The Google Books team and a group of researchers from Harvard published a paper in Science, Quantitative Analysis of Culture Using Millions of Digitized Books. The abstract:
We constructed a corpus of digitized texts containing about 4% of all books ever printed. Analysis of this corpus enables us to investigate cultural trends quantitatively. We survey the vast terrain of “culturomics”, focusing on linguistic and cultural phenomena that were reflected in the English language between 1800 and 2000. We show how this approach can provide insights about fields as diverse as lexicography, the evolution of grammar, collective memory, the adoption of technology, the pursuit of fame, censorship, and historical epidemiology. “Culturomics” extends the boundaries of rigorous quantitative inquiry to a wide array of new phenomena spanning the social sciences and the humanities.
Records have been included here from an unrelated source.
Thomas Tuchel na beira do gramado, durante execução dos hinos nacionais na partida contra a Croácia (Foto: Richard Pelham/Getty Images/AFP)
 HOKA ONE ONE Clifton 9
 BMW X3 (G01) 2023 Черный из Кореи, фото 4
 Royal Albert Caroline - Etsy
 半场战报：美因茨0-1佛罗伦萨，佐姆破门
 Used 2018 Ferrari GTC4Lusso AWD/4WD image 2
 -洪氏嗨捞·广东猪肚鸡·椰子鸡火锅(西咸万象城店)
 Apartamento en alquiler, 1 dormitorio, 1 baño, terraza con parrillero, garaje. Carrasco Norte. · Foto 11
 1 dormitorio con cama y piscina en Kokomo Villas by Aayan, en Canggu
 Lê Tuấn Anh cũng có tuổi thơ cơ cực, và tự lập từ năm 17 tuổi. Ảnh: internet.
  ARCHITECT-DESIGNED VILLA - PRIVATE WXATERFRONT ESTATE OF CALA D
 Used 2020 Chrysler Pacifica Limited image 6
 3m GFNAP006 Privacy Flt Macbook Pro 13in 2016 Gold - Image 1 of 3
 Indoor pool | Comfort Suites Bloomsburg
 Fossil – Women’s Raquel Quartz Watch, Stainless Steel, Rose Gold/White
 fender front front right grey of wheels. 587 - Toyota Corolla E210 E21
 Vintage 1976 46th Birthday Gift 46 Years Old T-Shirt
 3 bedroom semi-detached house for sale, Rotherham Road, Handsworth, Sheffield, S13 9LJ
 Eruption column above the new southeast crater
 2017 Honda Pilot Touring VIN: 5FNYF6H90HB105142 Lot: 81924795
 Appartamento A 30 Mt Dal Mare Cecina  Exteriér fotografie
Here is an over-the-top article about it from the Guardian; here is a more restrained article from PC Magazine. And here is something rather more interesting: a tool to see trends in word use over time in the Google Books corpus. Just put in a term or terms, and you can see how the frequency with which they’re used changes over the years.
UPDATE: The New York Times has a well-written story on the paper and tool.
UPDATE: Geoffrey Nunberg has a typically long and thoughtful essay on the paper and tool in the Chronicle of Higher Education.